What you are asked to do:
Could you repeat all of the entries exactly, leaving out any pictures?

Stored items
══════
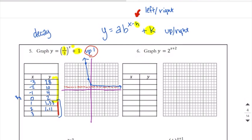On number 6, this plus 2 means that the whole thing is shifting left 2. Remember, you're going to put your h value down here in the middle, so that's a negative 2. Then we count down and count up. This 2 here tells us that it's a growth function because our base is bigger than 1.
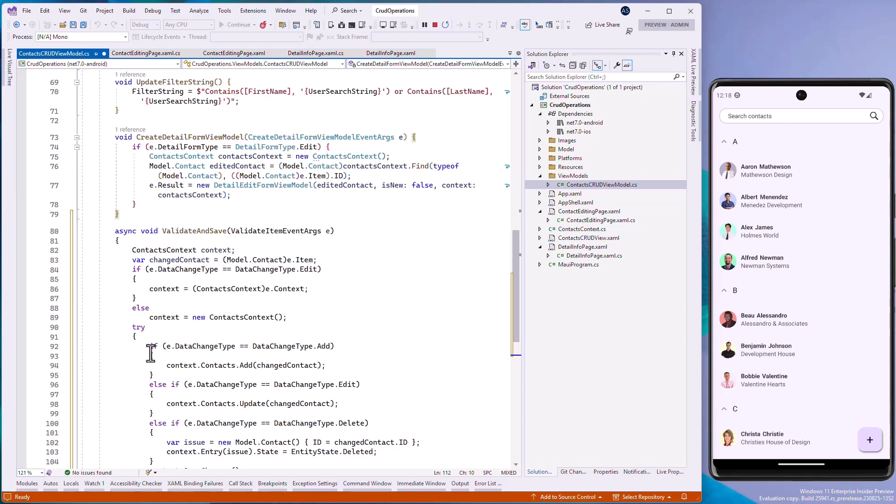We will catch it and show an alert to inform the user. We will additionally set e.is valid to false to prevent collection view from applying invalid data to the displayed source. Otherwise, we save the changes to the database.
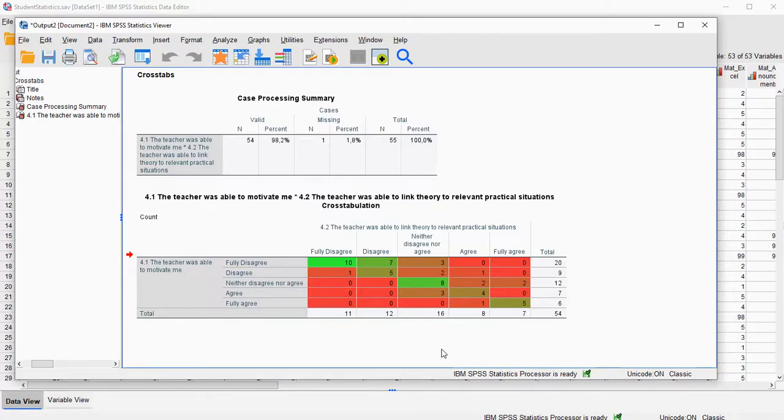This video was about how to create a heat map, and I hope this was helpful. Thank you for watching.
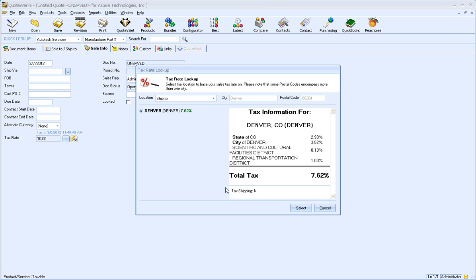QuoteWorks uses the city and postal code to determine the correct tax rate. If there are more than one jurisdictions for that postal code, they will be displayed.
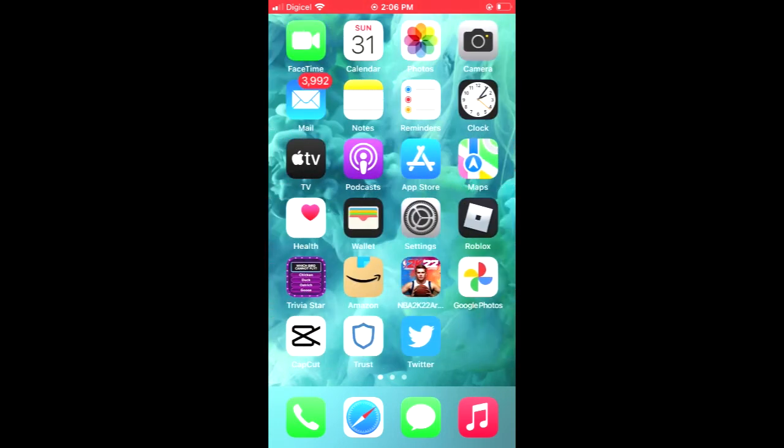Hope you found this video helpful and informative on how to unhide an app on your iPhone. Until the next one, thank you.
══════
Exercise response:
On number 6, this plus 2 means that the whole thing is shifting left 2. Remember, you're going to put your h value down here in the middle, so that's a negative 2. Then we count down and count up. This 2 here tells us that it's a growth function because our base is bigger than 1.
We will catch it and show an alert to inform the user. We will additionally set e.is valid to false to prevent collection view from applying invalid data to the displayed source. Otherwise, we save the changes to the database.
This video was about how to create a heat map, and I hope this was helpful. Thank you for watching.
QuoteWorks uses the city and postal code to determine the correct tax rate. If there are more than one jurisdictions for that postal code, they will be displayed.
Hope you found this video helpful and informative on how to unhide an app on your iPhone. Until the next one, thank you.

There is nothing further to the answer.